- Your task
Begin at the line containing "Эмбраер в полете" in the records below, end at the line containing "2011 TOYOTA CAMRY XLE VIN: 4T1BF3EK5BU762718", and retype each line in that span exactly. No other line and no image should appear.
(Beginning of Source material)
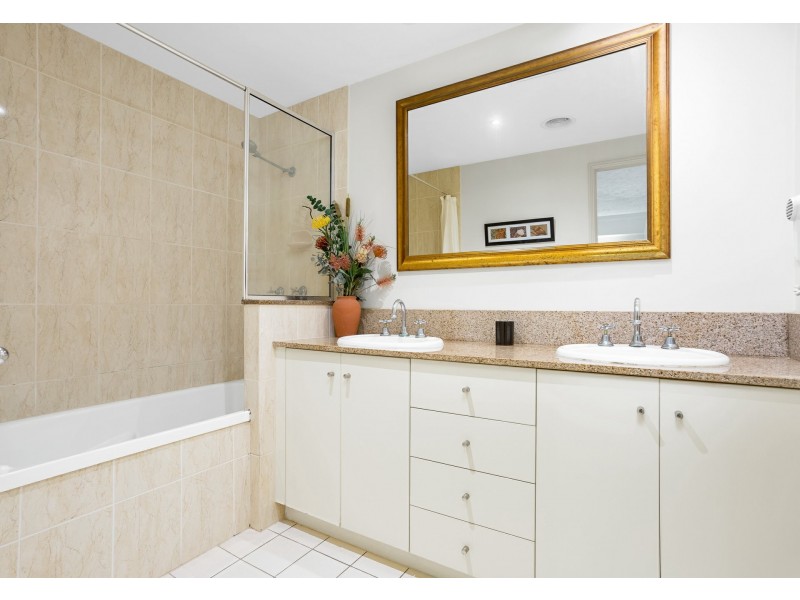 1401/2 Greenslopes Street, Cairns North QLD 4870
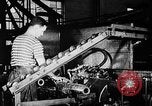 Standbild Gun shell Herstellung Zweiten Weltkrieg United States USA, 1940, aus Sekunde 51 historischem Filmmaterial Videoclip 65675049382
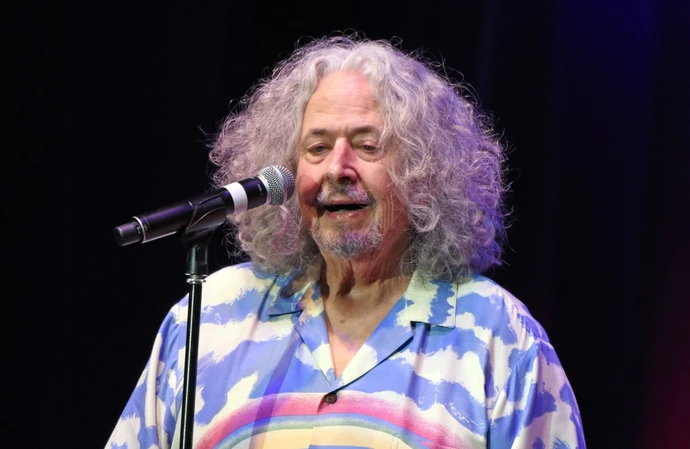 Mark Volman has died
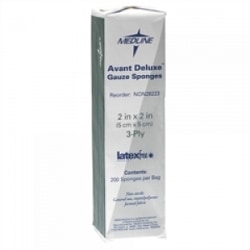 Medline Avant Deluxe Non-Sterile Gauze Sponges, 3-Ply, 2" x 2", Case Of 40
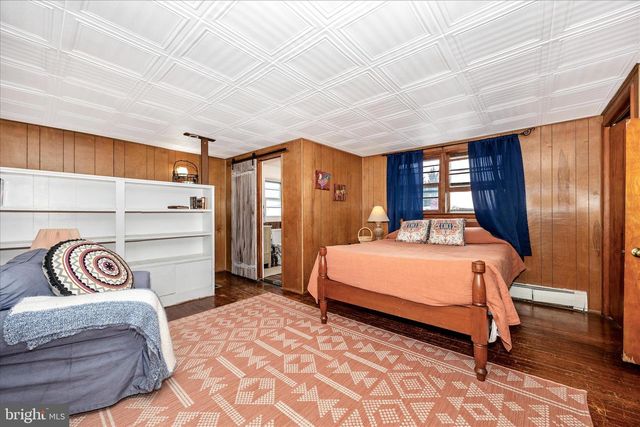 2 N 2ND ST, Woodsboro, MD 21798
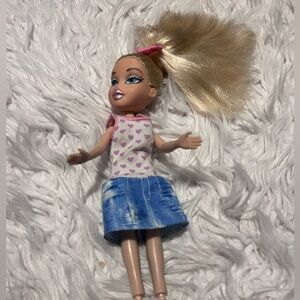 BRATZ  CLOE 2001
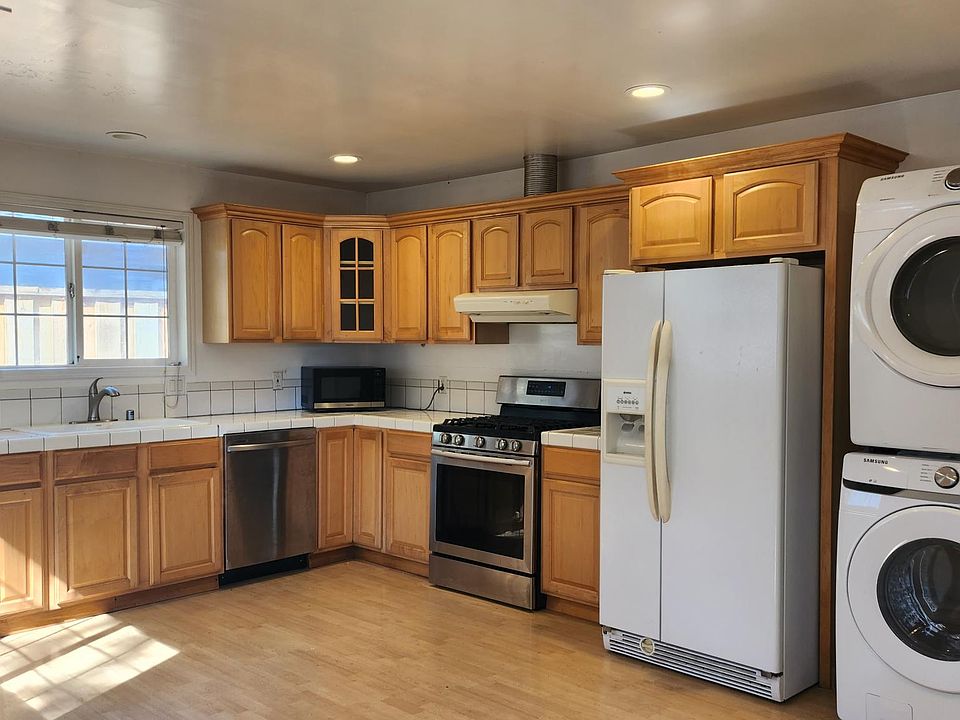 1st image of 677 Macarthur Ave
(End of Source material)
(Beginning of Source material)
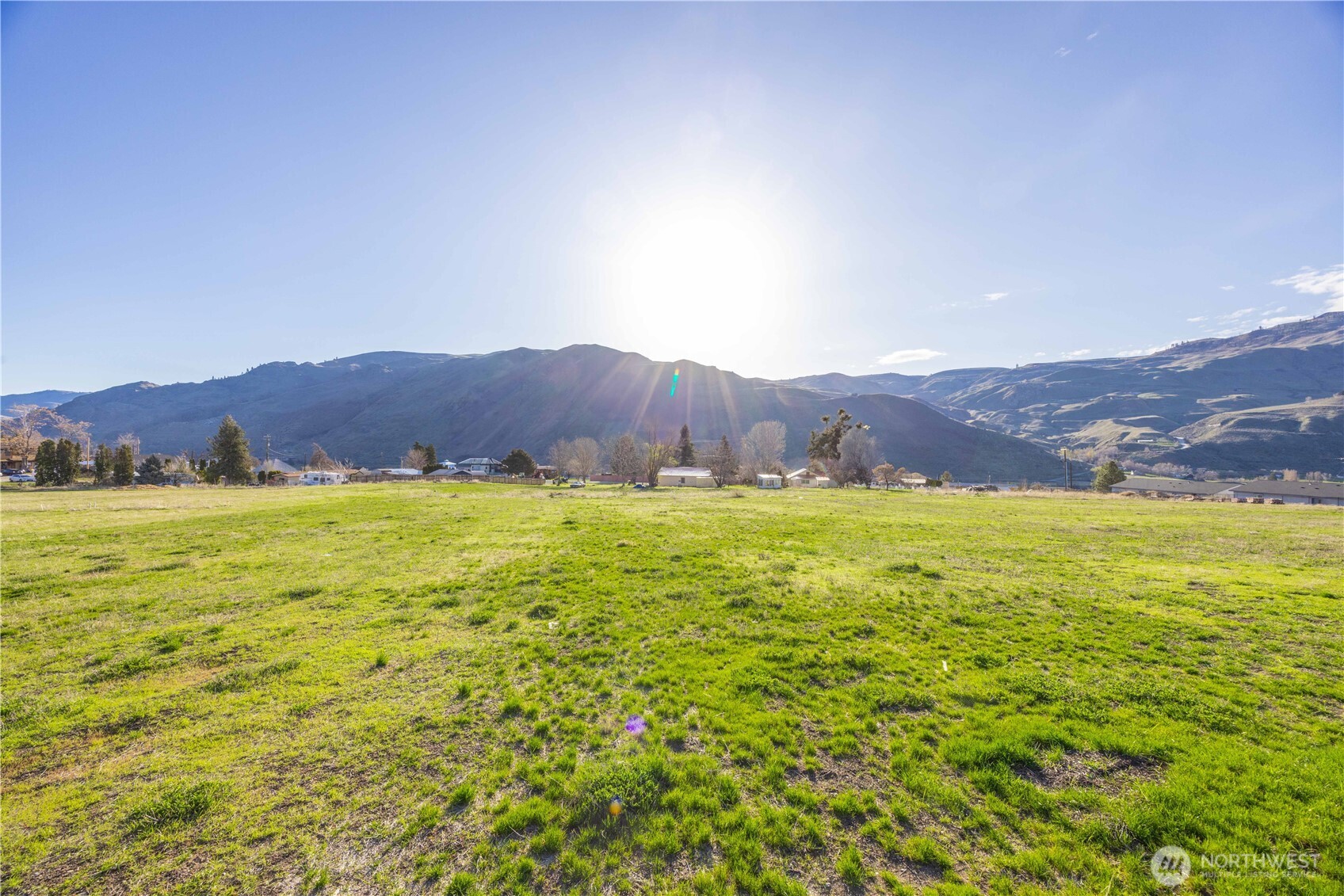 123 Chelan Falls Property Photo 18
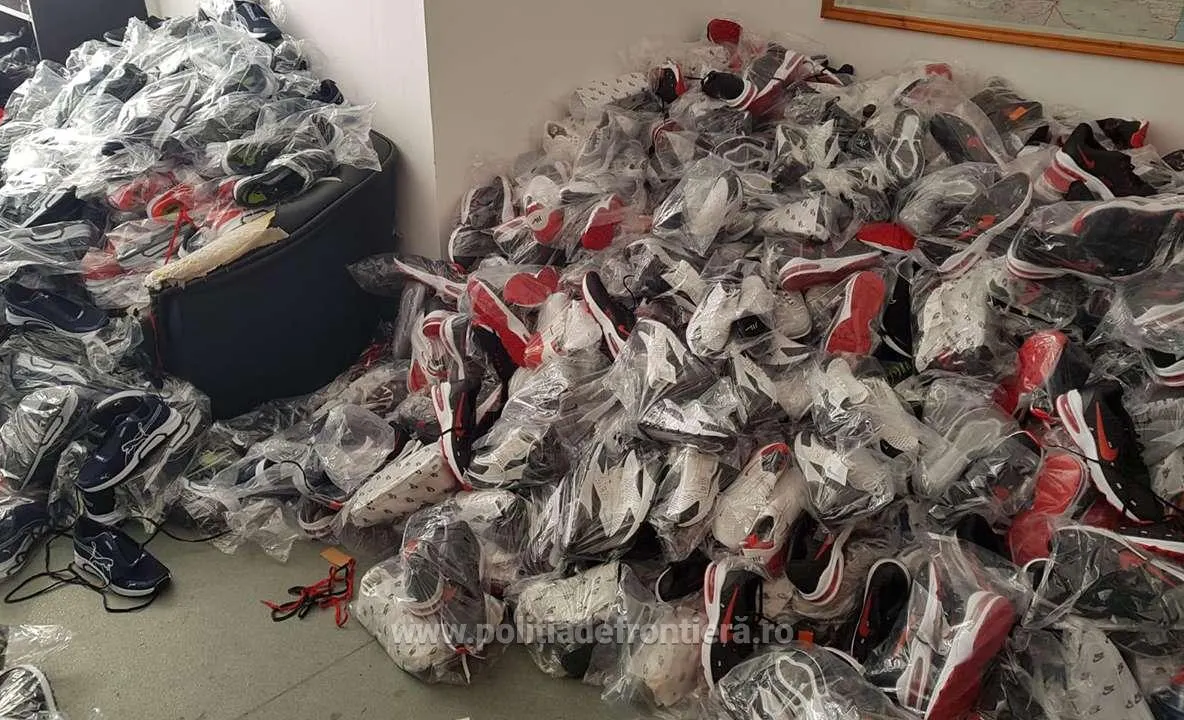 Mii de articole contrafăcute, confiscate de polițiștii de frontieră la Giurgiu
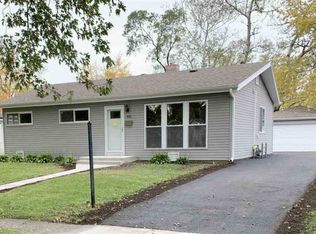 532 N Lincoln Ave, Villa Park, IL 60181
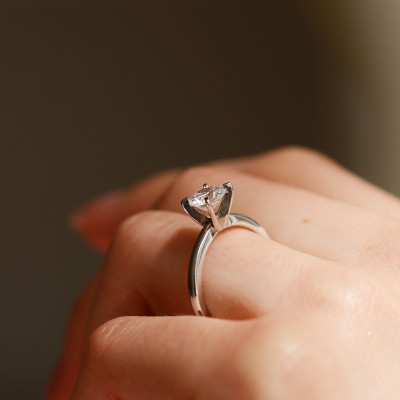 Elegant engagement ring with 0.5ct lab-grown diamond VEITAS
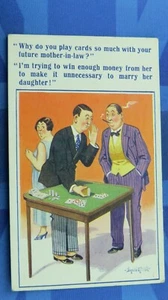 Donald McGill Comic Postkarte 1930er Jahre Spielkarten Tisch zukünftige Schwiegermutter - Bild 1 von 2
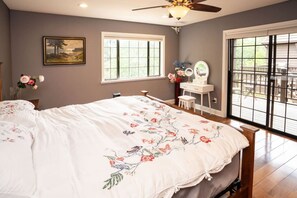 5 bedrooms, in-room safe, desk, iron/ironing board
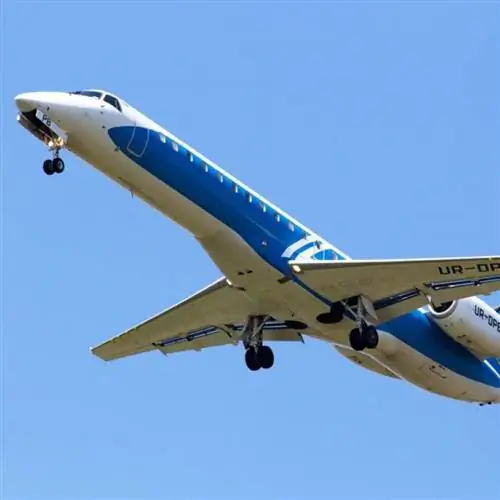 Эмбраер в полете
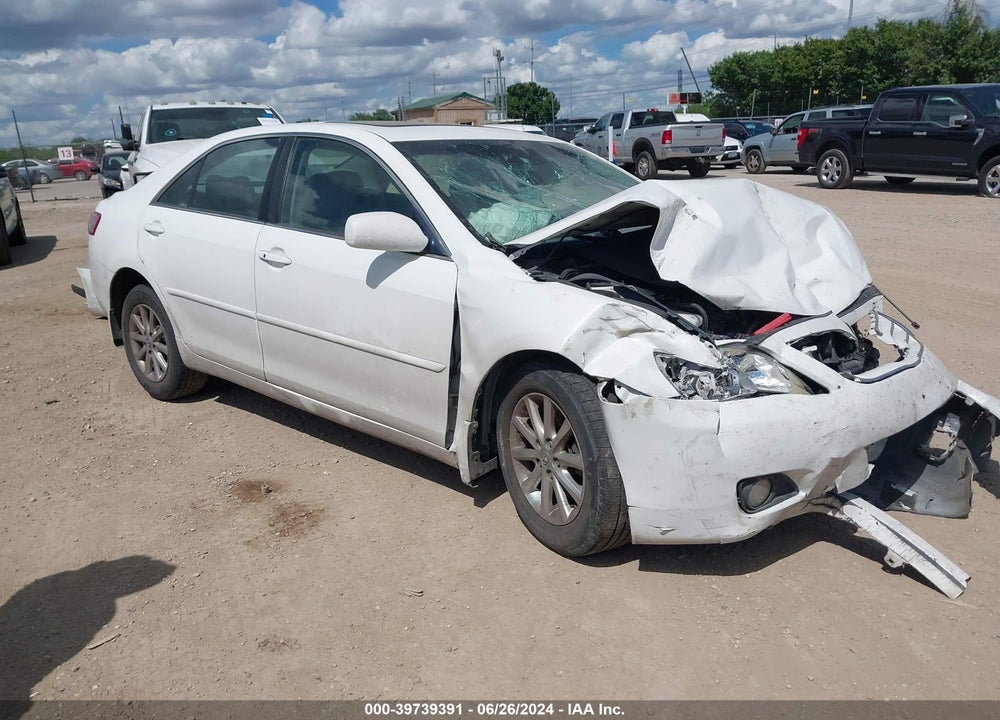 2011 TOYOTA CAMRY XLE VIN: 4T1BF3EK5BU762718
(End of Source material)
- Answer
 Эмбраер в полете
 2011 TOYOTA CAMRY XLE VIN: 4T1BF3EK5BU762718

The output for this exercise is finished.